How to emulate a coin-op game on a "small memory" device

Intro

In a previous life I was paid to emulate coin-op games, lots of games. In total, I worked on more than 300 titles. The games were for closed source products and were unrelated to my open source projects and had nothing to do with more recognizable game emulators like MAME. They were sold in commercial game systems such as Chicago Gaming's "Ultimate Arcade 2", some mobile devices such as Microsoft's Pocket PC launch (PocketPak's) and Turner's GameTap system. I made my living by writing these game emulators for a period of about 10 years. Much of the code I wrote back then had to be very efficient because most of our platforms were embedded Arm devices. This same code can find new life on today's Arduino/embedded microcontrollers. As a starting project, I decided to port my Space Invaders emulator to run on moderately spec'd 32-bit MCUs. Taito's Space Invaders was one of the first raster graphics video games to exist and was composed of relatively simple hardware (by today's standards). That same hardware was copied by several competitors and used to publish other game titles in the late 70's and early 80's. The machine is composed of a 240x224 1-bit per pixel raster CRT display (oriented 90 degrees rotated), an Intel 8080 CPU (a compatible subset of the Zilog Z80) and a TI SN76477 + some analog circuitry for sound.

What is a game emulator?

The simplest way to explain game emulation is that the emulator creates a virtual environment that's sufficiently accurate to run the original game code unmodified. In other words, the emulator's job is to allow the original game code to behave as if it was running on its original hardware (generate video, audio and react to user input). It does this using nothing but software running on a completely different set of hardware. The actual means by which is does this is not very complex, but like most software, is made up of many small parts that all have to function correctly together. Let's look at the actual code of the Space Invaders emulator and see what's happening under the hood. The loop below is the main execution loop of the emulator. It executes each frame (60th of a second of activity) of the game by emulating the correct number of cycles of CPU execution followed by video and audio updates. There are other ways to do it, but this is probably the simplest to visualize. In the case of Space Invaders, the machine divides the display into top and bottom halves to prevent tearing/flicker of the moving objects. You can see that there are 2 time slices for each frame which generate different interrupts for the CPU.

while (!bUserAbort) {
   for (j=0; j<2; j++) {
      iClocks = 2000000/120; // 2Mhz @ 60Hz executed in 2 phases
      if (j & 1) {
         ucIRQs |= INT_IRQ;
         z80.ucIRQVal = 0xcf; /* RST 08 = 8080's IRQ */
      } else {
         ucIRQs |= INT_IRQ;
         z80.ucIRQVal = 0xd7; /* RST 10 = 8080's NMI */
      }
      EXECZ80(&z80, emuh, &iClocks, &ucIRQs);
      EMUPlaySamples();
   } // for j
   EMUScreenUpdate(lDirtyRect, NULL, 224, 240);
   iFrame++; /* Count the number of frames */
} // while running

What changes were needed for embedded use?
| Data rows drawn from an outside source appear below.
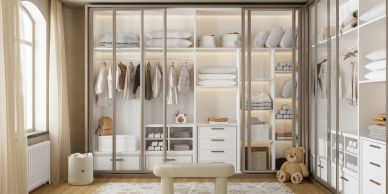 Modern walk-in closet with glass doors and organized storage.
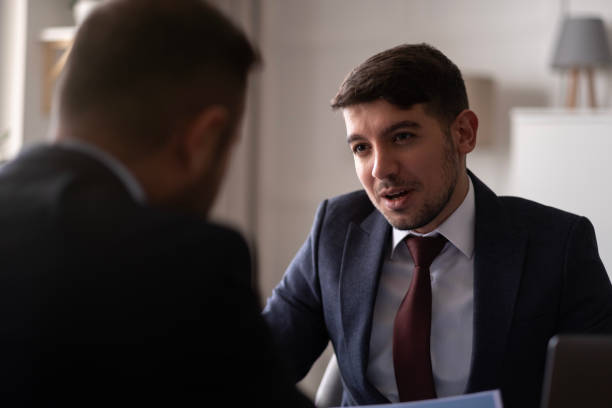 istock Business accounting concept, Business man using calculator with computer laptop, budget and loan paper in office. 1483116415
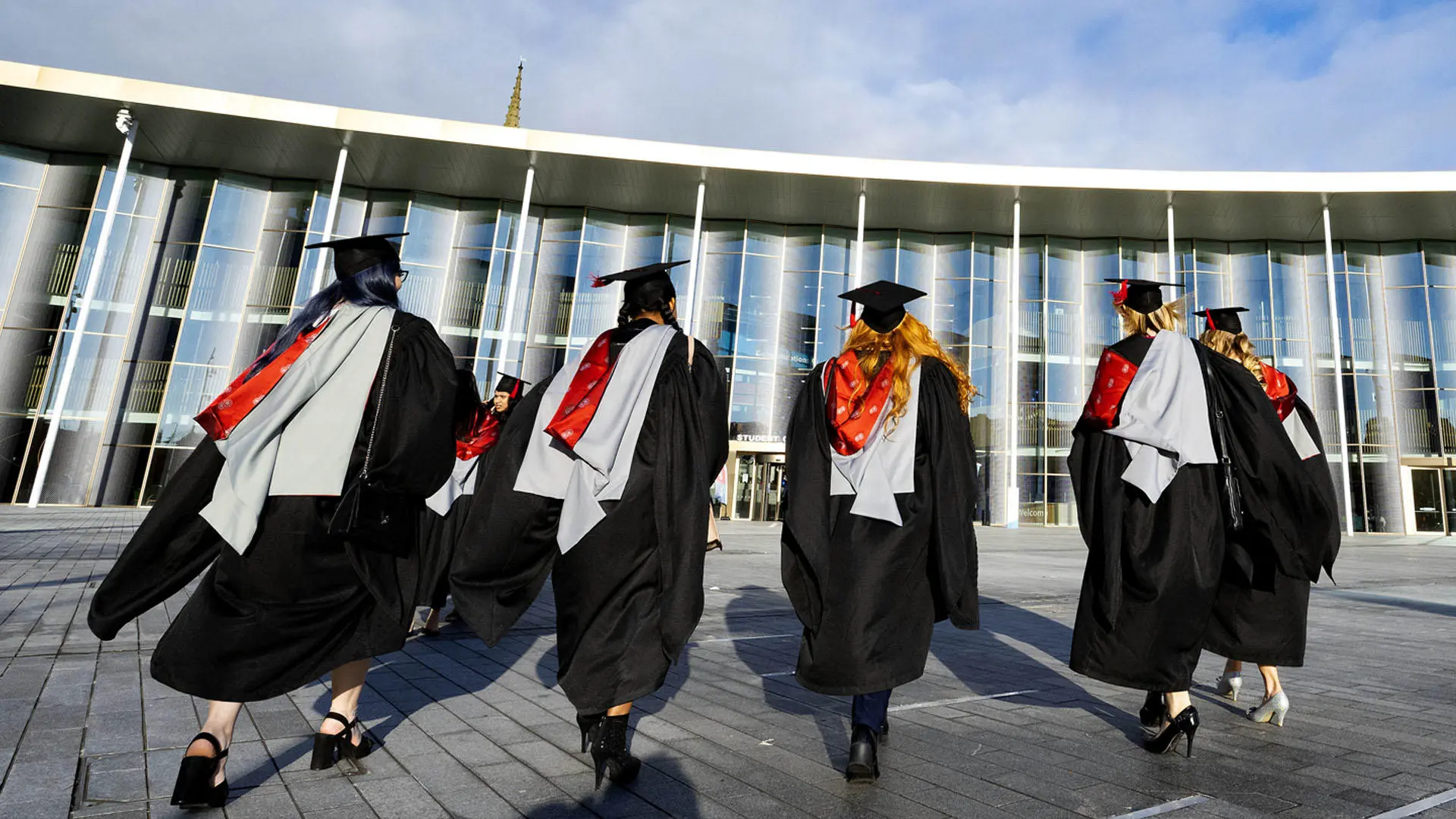 group of students in graduation gowns walking towards the student centre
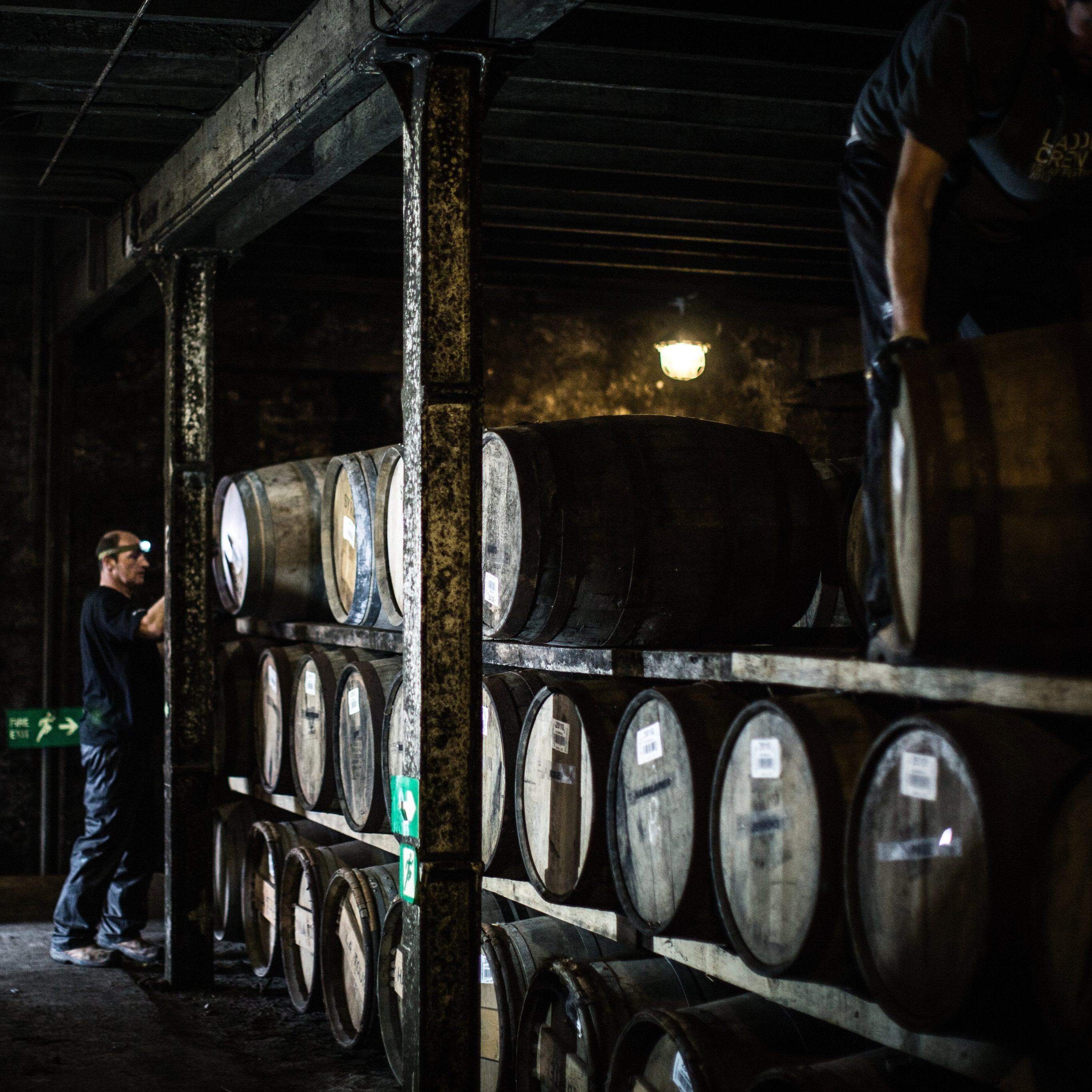 Bruichladdich Distillery team members working among stacked whisky casks in a dimly lit warehouse.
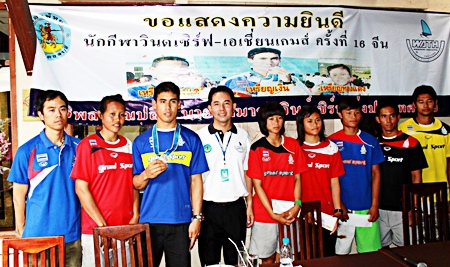 Members of the Thai windsurfing team pose for a photo with Pattaya Mayor Itthipol Khunplome, 4th left, at a welcoming home party held at Krao Surf at Jomtien Beach on November 30.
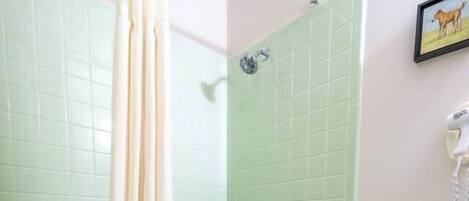A bathroom with a green bathtub, a white toilet, and a shower curtain.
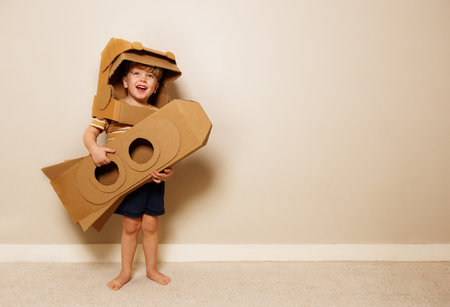 Young boy holds cardboard rocket, imagines space voyageの写真素材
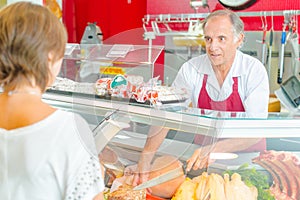 Butcher serving customer at deli counter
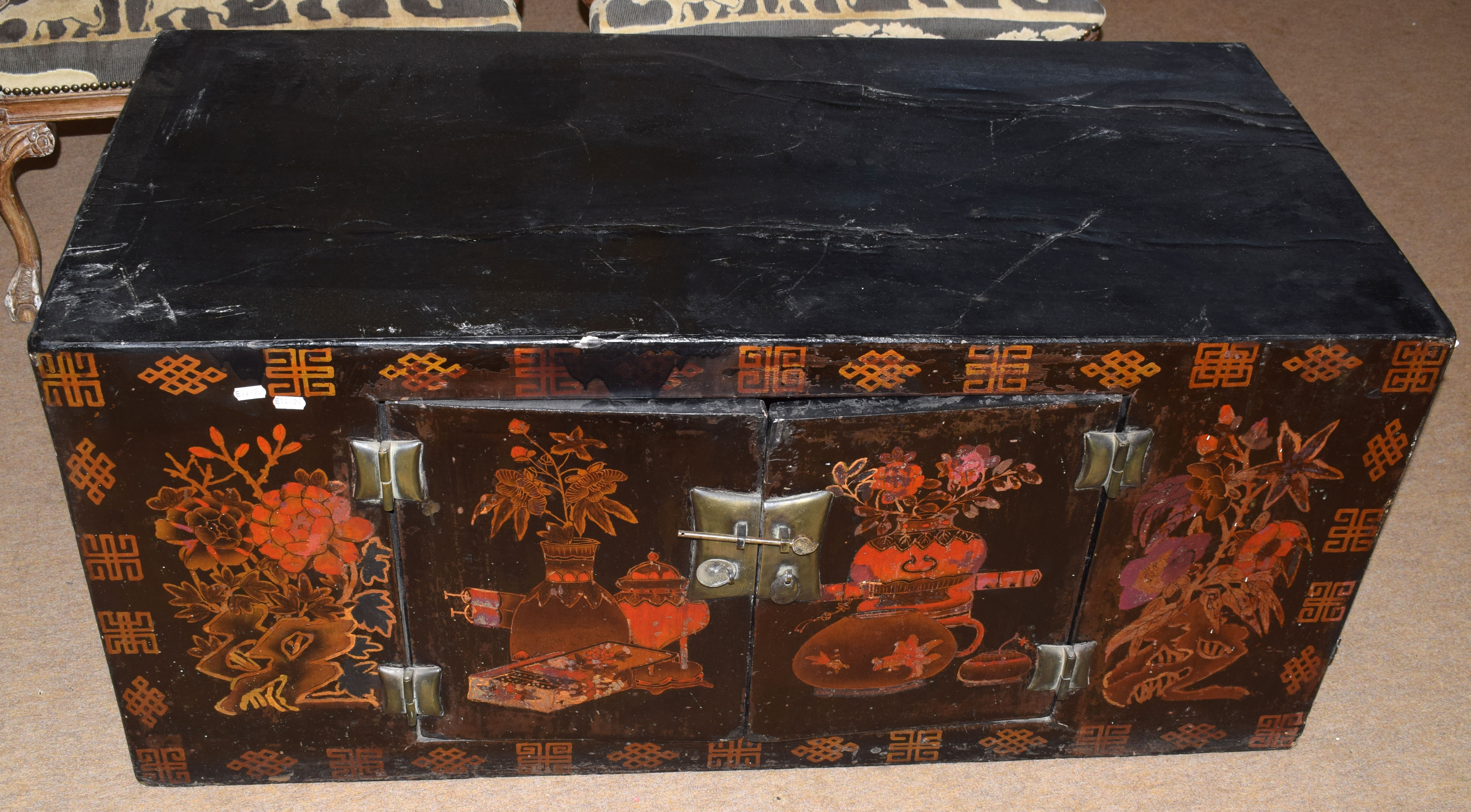 Modern Oriental cupboard in the form of a trunk with Chinese decoration to front panel and doors,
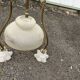 Antique brass chandelier with 3 lights and frosted glass shades.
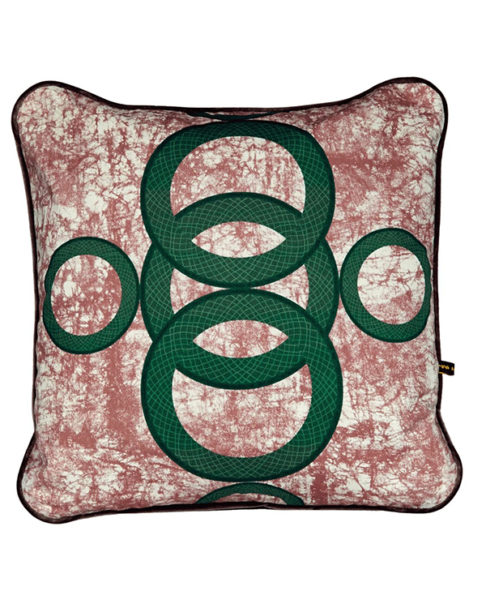 A red and green cushion with West African-inspired concentric circles motif.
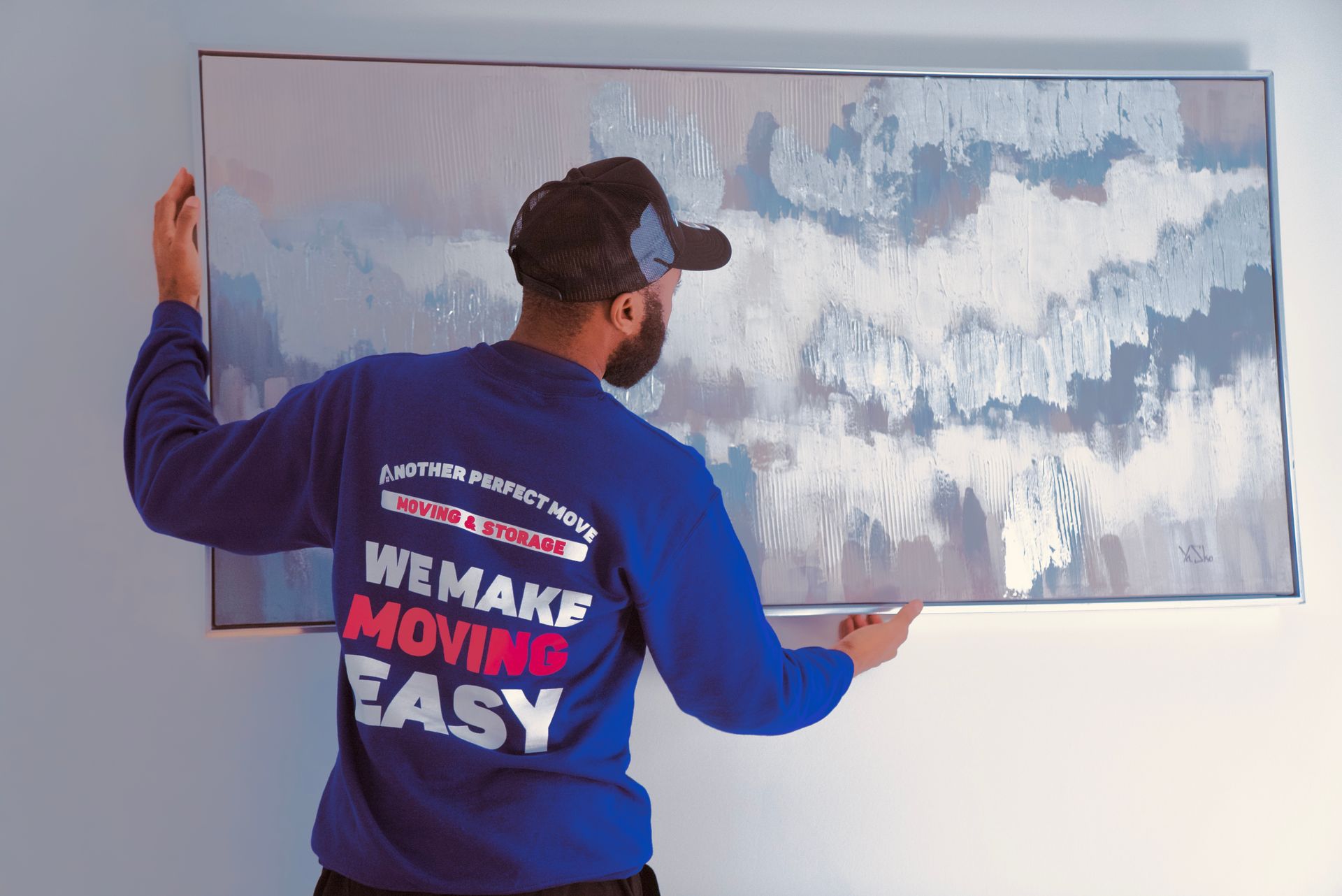 A man wearing a blue shirt that says we make moving easy
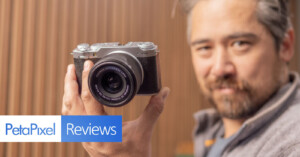 A person holding a vintage-style camera close to the lens, standing against a blurred wooden background. The image features the text "PetaPixel Reviews" in the bottom left corner.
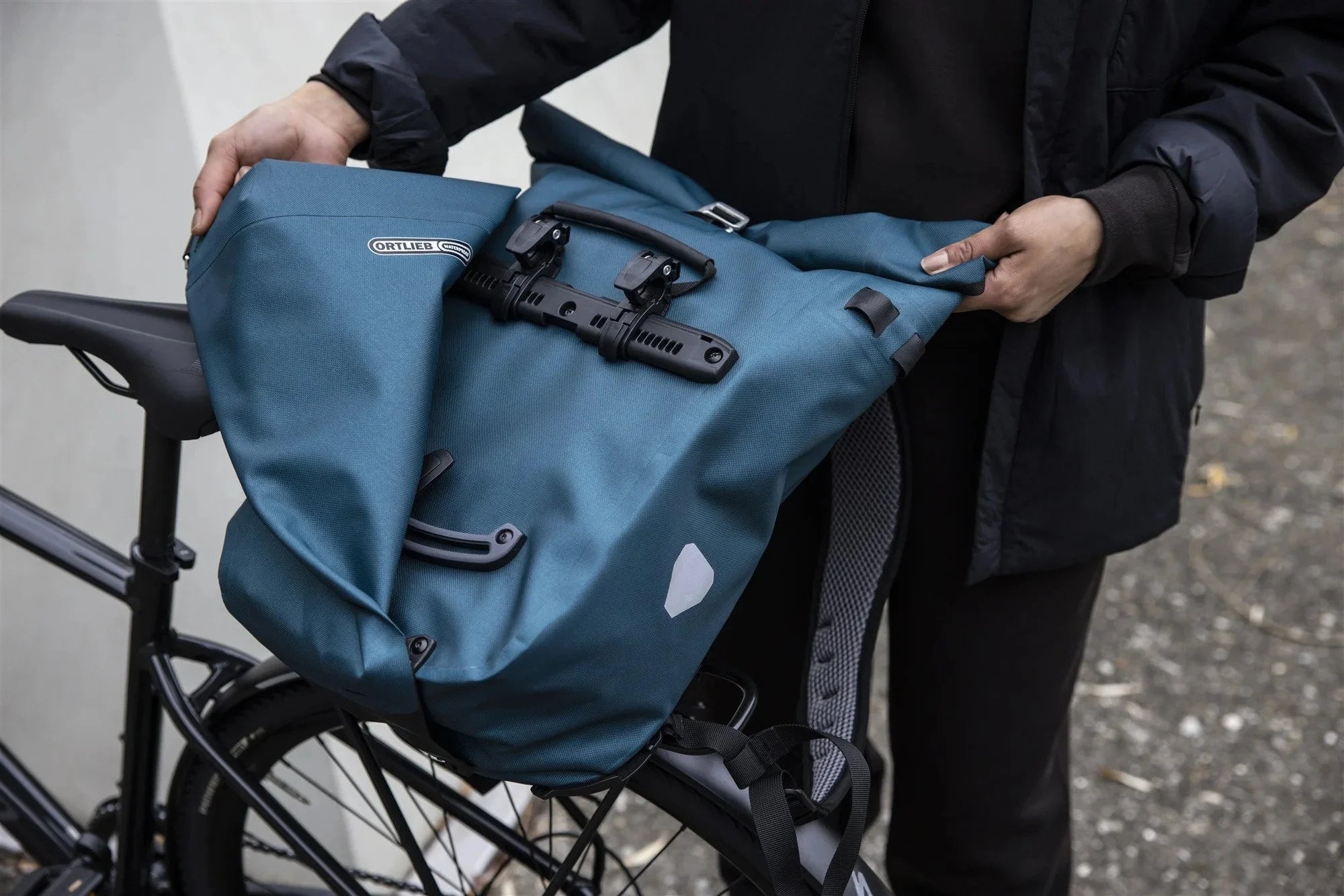 Person holding a blue pannier bag attached to a bicycle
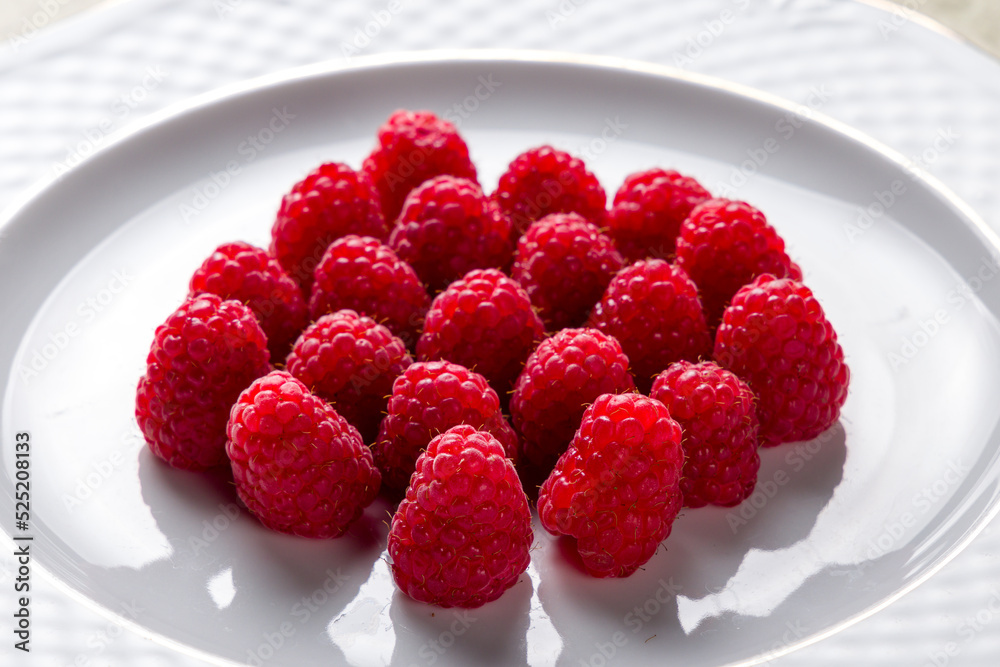 raspberry berries on plate close up macro raspberry berries on plate close up macro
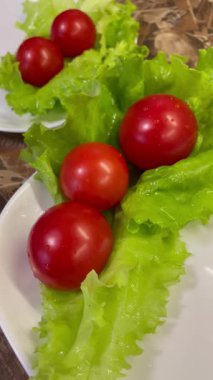 Yemek, vitaminler, yeşil marul yaprakları ve kırmızı domatesler bir tabakta yatıyor.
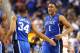 GREENSBORO, NC - MARCH 16: Jabari Parker #1 of the Duke Blue Devils is congratulated by Andre Dawkins #34 of the Duke Blue Devils during their game against the Virginia Cavaliers in the finals of the 2014 Men's ACC Basketball Tournament at Greensboro Col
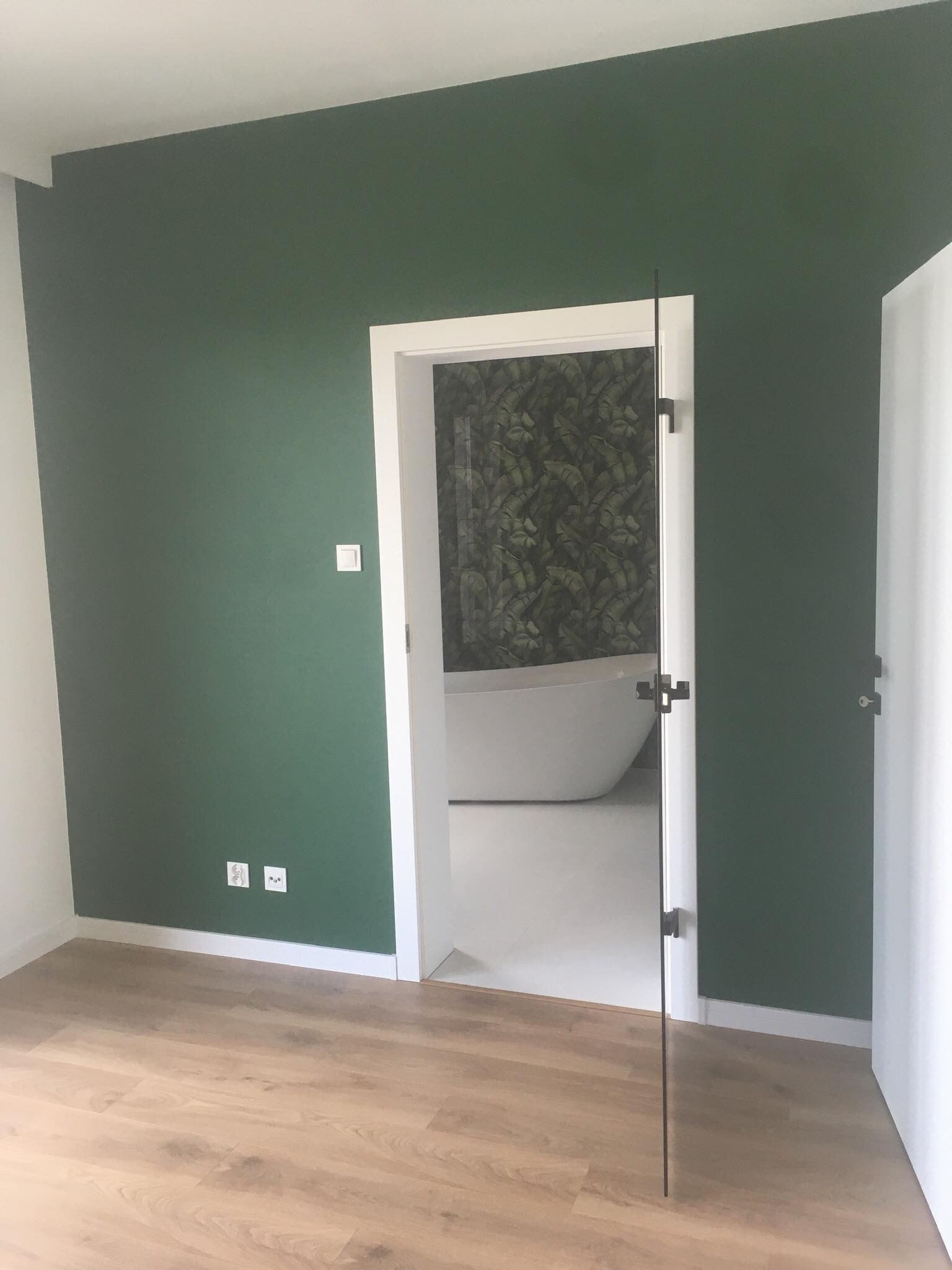 Pokój z zieloną ścianą, drewnianą podłogą i widokiem na łazienkę z wanną przez szklane drzwi.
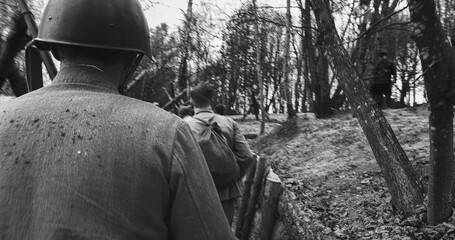 Re-enactors Dressed As Soviet Russian Soldiers take up fighting positions in trenches. Position Defense. Soldiers Aiming With Rifles. Reconstruction Of Battles World War Ii. Black And White . - obrazy, fototapety, plakaty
If you're unfamiliar with MAME or other game emulator code, it generally uses a lot more memory than the original game had and requires a relatively fast machine to run the emulated games at their native speed. When working with Arduino's or other embedded microcontrollers, the capabilities of the target processor are usually the opposite - a very small memory size and relatively slow CPU. Some of the challenges with RAM usage in certain games just can't be overcome, but with a relatively modest challenge like Space Invaders, we can succeed in making it fit. These are the subsystems competing for RAM to emulate Space Invaders:

- Temporary storage to unzip the files containing the game
- Z80 memory map (64K of address space)
- 224x240 bitmap for the playfield
- Any additional structures/variables needed to emulate the game

Luckily I modified zlib specifically to use less memory. Unzip needs to support FLATE data with up to a 15-bit (32K) window size. The Huffman tables, file buffers, etc plus the memory window normally require a lot more than the 41K my library needs.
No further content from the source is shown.